Sean Griffith was quoted in a Law360 article about his objection to a proposed settlement in a lawsuit against Goldman Sachs.
A stockholder challenge to Goldman Sachs Group Inc.’s non-employee director compensation terms — back in court after a rejected settlement last year — could “open the floodgates” for similar litigation, an attorney for the directors told a Delaware vice chancellor on Monday.
Robert J. Giuffra Jr. of Sullivan & Cromwell LLP, counsel to the directors named in the suit, made the point while seeking dismissal of the case after Vice Chancellor Sam Glasscock III rejected a deal in late October that would have required additional disclosure about the company’s stock incentive plan, among other provisions.
The vice chancellor had ruled that releases of derivative claims, sought on behalf of the company by stockholder Shiva Stein, would not have been fair to the company.
A. Arnold Gershon of Barrack Rodos & Bacine LLP, counsel to Stein, said that Goldman in part “asked stockholders to approve something that was going to be bound to the performance goals of another plan that they did not disclose.”

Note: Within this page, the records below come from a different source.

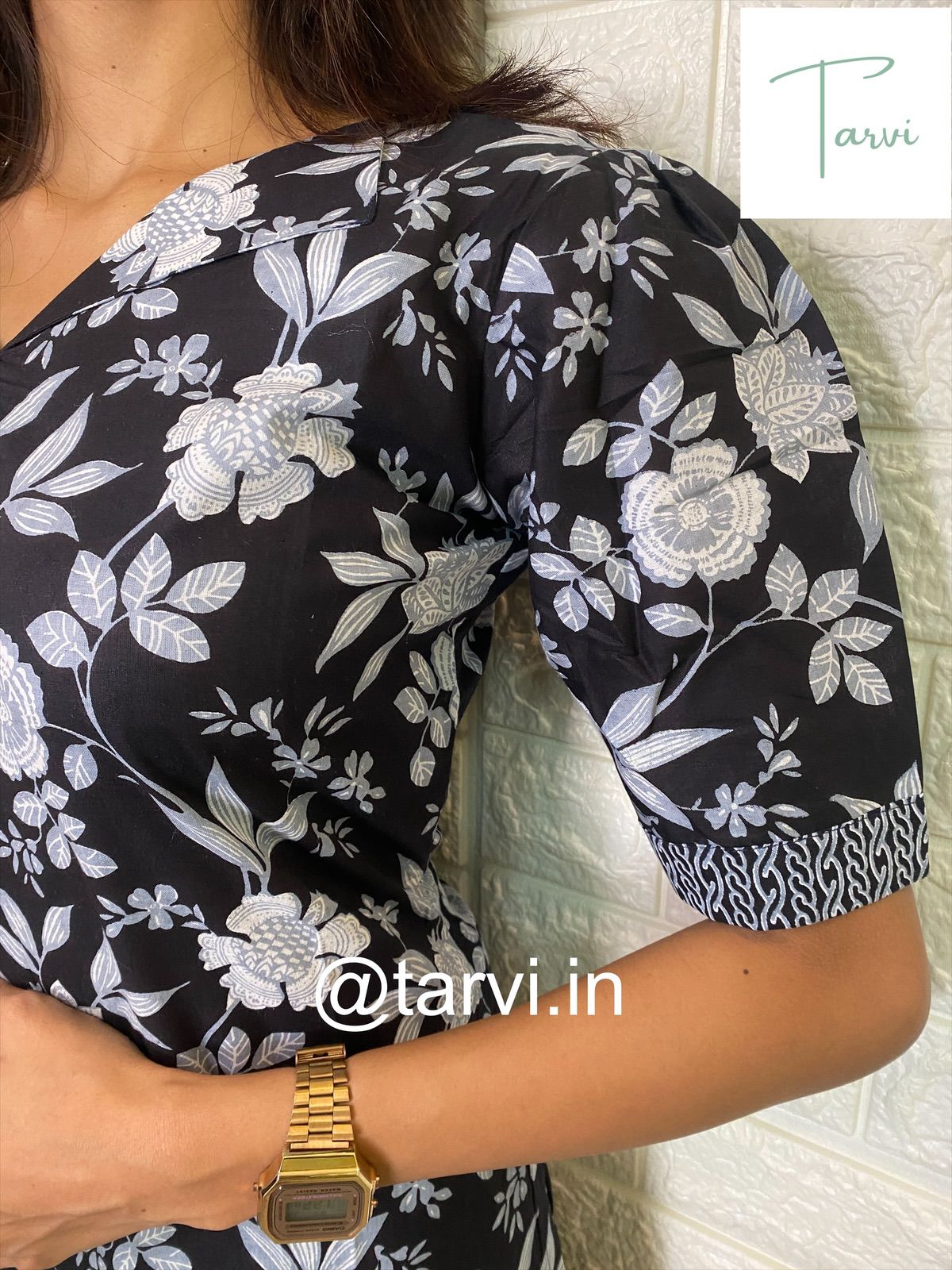 Cotton printed cord set. No Lining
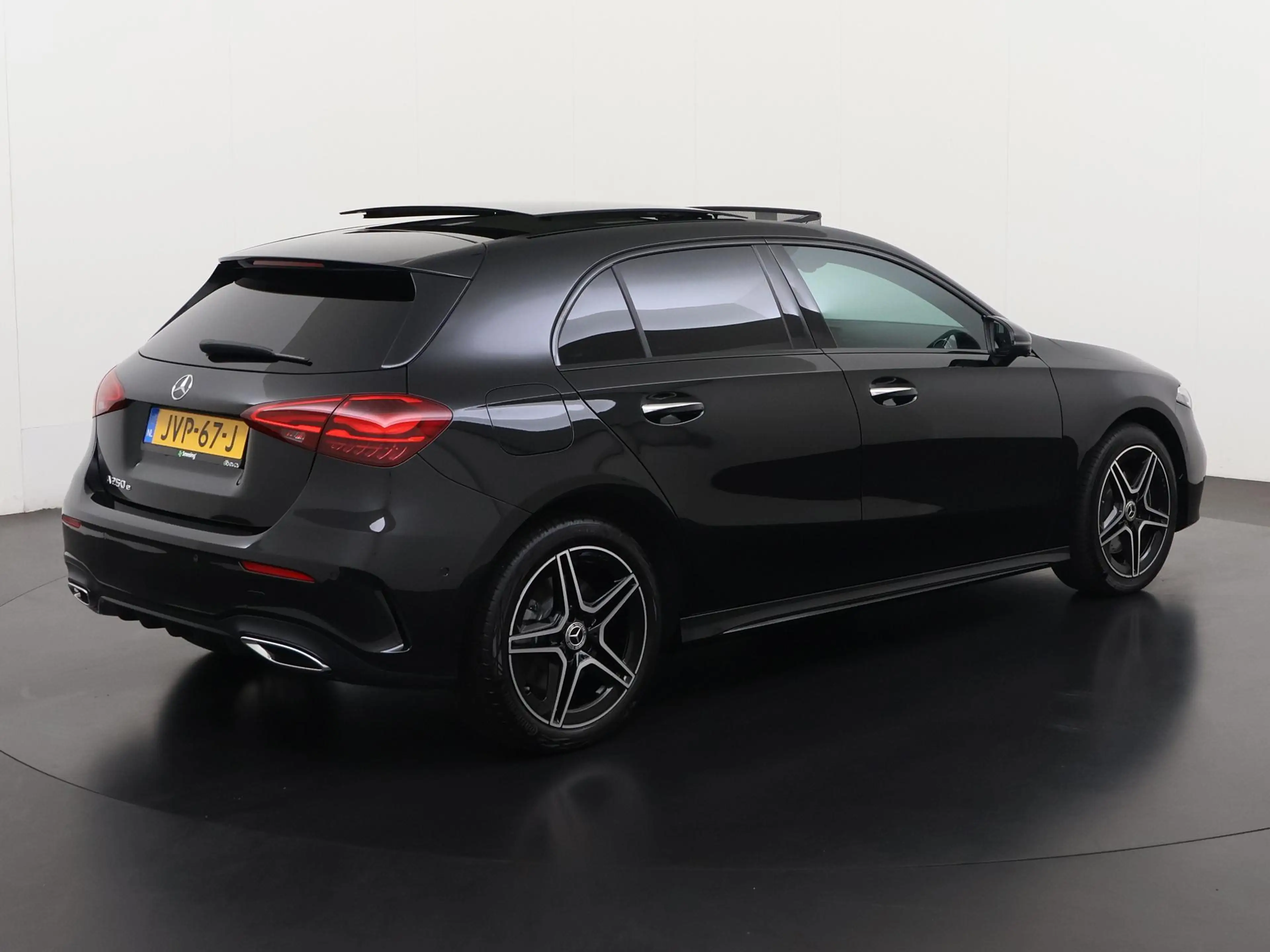 Mercedes-Benz A 250 250e AMG Night Facelift | Panoramadak | Memory sto — photo 4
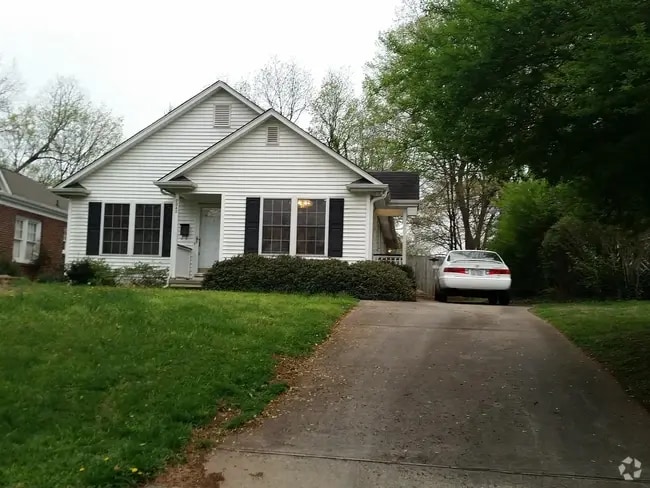 Building Photo - 2342 Walker Ave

If the case goes forward, Gershon said, discovery or expert testimony could be required to determine the liability of directors for the action.
Giuffra said no one has dealt with some aspects of the case, including arguments that good faith had been “read out” of a stock incentive plan “notwithstanding that it has been approved by the shareholders of Goldman Sachs four times.”
Also potentially adding a wrinkle to the case was Fordham University School of Law professor Sean J. Griffith’s argument in favor of a $575,000 objector’s fee, which was sought after the vice chancellor rejected the settlement.
Anthony A. Rickey of Margrave Law LLC, counsel to Griffith, said the monetary and non-monetary benefits from scuttling the settlement and accompanying liability releases justified the award, which mirrored the $575,000 fee sought by Stein’s attorney in the rejected settlement.